__TASK__.
Of the entries below, return only those lines from the line with "view of front" to the line with "An antique cluster", exactly, both included.

__INFORMATION GIVEN__.
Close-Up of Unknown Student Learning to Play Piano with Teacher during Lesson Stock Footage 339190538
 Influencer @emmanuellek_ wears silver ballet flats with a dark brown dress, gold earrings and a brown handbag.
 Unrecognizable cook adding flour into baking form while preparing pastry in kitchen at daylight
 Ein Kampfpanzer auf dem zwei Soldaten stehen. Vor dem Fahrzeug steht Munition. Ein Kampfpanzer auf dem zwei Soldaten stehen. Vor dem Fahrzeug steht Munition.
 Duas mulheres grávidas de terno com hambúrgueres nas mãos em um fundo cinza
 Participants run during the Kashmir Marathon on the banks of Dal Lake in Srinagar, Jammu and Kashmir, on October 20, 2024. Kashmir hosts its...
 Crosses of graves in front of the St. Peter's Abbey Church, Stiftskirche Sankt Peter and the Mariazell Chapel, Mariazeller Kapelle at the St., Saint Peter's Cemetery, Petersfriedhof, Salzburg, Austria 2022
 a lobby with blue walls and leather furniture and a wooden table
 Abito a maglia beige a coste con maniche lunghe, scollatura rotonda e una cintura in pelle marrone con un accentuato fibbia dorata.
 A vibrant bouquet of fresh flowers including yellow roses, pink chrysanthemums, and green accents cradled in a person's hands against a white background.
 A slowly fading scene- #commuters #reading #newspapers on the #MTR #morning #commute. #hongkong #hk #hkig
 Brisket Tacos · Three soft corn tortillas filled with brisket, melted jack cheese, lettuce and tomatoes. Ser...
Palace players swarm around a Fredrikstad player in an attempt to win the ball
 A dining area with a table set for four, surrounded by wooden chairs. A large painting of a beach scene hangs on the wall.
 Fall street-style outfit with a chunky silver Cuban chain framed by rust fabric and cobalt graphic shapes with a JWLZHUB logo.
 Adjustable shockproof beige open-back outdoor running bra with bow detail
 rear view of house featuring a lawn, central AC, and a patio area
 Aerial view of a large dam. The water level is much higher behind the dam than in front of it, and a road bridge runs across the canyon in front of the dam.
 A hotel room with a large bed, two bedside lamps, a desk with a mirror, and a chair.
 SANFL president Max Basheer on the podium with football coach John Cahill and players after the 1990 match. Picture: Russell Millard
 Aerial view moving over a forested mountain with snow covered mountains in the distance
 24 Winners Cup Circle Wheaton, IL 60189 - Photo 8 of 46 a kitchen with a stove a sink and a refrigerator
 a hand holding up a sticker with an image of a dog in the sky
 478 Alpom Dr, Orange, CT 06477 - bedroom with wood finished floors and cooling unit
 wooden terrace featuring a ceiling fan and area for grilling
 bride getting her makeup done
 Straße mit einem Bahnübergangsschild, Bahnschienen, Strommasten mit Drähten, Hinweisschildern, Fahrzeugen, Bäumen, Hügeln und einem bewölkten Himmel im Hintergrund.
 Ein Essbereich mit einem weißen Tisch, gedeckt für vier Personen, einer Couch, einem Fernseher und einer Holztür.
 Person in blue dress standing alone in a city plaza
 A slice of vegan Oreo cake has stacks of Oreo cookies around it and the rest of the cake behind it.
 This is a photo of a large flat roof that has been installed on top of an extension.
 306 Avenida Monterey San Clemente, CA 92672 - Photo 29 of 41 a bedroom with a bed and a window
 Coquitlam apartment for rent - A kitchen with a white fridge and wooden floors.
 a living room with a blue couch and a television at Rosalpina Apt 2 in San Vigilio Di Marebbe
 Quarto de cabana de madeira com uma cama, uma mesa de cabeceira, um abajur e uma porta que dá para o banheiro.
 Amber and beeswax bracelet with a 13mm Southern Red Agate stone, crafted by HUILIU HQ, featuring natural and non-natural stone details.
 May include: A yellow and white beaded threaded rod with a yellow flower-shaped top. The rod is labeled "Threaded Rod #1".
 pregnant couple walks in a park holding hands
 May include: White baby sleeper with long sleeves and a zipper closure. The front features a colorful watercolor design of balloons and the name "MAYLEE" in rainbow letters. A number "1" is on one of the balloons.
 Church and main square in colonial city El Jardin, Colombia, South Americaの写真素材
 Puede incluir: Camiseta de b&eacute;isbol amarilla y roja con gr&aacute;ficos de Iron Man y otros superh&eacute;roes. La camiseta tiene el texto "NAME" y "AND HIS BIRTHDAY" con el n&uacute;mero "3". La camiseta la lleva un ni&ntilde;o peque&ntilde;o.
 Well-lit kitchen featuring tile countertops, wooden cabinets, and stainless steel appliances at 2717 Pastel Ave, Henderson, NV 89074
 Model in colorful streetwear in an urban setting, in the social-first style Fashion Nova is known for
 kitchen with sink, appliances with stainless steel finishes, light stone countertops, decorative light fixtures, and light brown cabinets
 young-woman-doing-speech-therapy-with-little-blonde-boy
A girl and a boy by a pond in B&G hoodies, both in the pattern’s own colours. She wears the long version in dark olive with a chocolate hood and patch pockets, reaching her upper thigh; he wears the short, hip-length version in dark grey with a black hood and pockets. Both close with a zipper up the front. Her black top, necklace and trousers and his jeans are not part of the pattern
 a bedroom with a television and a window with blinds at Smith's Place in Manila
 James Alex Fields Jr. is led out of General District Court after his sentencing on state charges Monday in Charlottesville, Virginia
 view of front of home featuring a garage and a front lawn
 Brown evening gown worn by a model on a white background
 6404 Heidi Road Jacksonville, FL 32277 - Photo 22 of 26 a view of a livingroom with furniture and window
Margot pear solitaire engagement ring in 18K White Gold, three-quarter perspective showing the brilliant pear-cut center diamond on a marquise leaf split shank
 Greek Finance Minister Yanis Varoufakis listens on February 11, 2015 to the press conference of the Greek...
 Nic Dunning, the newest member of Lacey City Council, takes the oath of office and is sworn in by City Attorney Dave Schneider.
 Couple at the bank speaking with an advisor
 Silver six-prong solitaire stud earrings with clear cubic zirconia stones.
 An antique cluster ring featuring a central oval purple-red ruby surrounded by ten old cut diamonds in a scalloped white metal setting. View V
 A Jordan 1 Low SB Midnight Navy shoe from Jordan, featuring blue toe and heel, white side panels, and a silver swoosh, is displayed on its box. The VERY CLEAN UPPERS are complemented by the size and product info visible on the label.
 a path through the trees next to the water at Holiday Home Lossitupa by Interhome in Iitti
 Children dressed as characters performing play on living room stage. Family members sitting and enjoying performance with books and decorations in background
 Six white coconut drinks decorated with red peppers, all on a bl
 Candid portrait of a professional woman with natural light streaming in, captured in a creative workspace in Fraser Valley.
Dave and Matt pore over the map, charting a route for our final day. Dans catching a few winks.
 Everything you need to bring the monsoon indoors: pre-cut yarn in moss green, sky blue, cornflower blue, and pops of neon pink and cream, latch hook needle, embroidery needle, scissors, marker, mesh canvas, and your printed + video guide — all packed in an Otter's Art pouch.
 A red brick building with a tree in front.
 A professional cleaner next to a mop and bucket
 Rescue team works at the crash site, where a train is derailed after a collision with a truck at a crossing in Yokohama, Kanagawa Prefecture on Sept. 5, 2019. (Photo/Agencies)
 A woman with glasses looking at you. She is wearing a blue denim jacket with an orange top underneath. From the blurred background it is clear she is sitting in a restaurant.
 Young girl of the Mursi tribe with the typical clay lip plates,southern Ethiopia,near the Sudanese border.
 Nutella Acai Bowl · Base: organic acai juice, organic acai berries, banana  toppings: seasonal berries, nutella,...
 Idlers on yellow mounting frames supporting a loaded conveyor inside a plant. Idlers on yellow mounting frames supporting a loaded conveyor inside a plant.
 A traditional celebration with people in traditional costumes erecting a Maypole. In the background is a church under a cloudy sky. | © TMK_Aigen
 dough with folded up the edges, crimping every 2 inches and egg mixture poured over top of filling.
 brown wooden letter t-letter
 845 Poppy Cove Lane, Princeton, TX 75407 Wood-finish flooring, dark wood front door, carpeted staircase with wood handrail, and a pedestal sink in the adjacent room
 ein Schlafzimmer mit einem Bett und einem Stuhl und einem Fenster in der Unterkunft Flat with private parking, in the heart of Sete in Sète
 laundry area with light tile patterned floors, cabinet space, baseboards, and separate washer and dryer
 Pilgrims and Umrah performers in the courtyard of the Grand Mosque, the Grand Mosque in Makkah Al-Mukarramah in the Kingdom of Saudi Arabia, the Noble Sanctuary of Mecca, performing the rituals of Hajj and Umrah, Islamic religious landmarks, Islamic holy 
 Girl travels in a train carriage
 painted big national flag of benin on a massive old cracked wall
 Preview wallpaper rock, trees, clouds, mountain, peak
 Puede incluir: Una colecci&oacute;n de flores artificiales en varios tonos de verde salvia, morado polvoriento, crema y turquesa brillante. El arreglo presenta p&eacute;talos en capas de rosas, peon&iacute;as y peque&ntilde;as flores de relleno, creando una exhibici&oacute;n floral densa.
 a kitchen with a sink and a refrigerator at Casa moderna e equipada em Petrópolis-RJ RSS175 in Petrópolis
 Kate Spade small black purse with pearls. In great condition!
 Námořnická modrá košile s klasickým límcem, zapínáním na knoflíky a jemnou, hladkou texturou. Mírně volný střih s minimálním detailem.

__EXERCISE SOLUTION__.
 view of front of home featuring a garage and a front lawn
 Brown evening gown worn by a model on a white background
 6404 Heidi Road Jacksonville, FL 32277 - Photo 22 of 26 a view of a livingroom with furniture and window
Margot pear solitaire engagement ring in 18K White Gold, three-quarter perspective showing the brilliant pear-cut center diamond on a marquise leaf split shank
 Greek Finance Minister Yanis Varoufakis listens on February 11, 2015 to the press conference of the Greek...
 Nic Dunning, the newest member of Lacey City Council, takes the oath of office and is sworn in by City Attorney Dave Schneider.
 Couple at the bank speaking with an advisor
 Silver six-prong solitaire stud earrings with clear cubic zirconia stones.
 An antique cluster ring featuring a central oval purple-red ruby surrounded by ten old cut diamonds in a scalloped white metal setting. View V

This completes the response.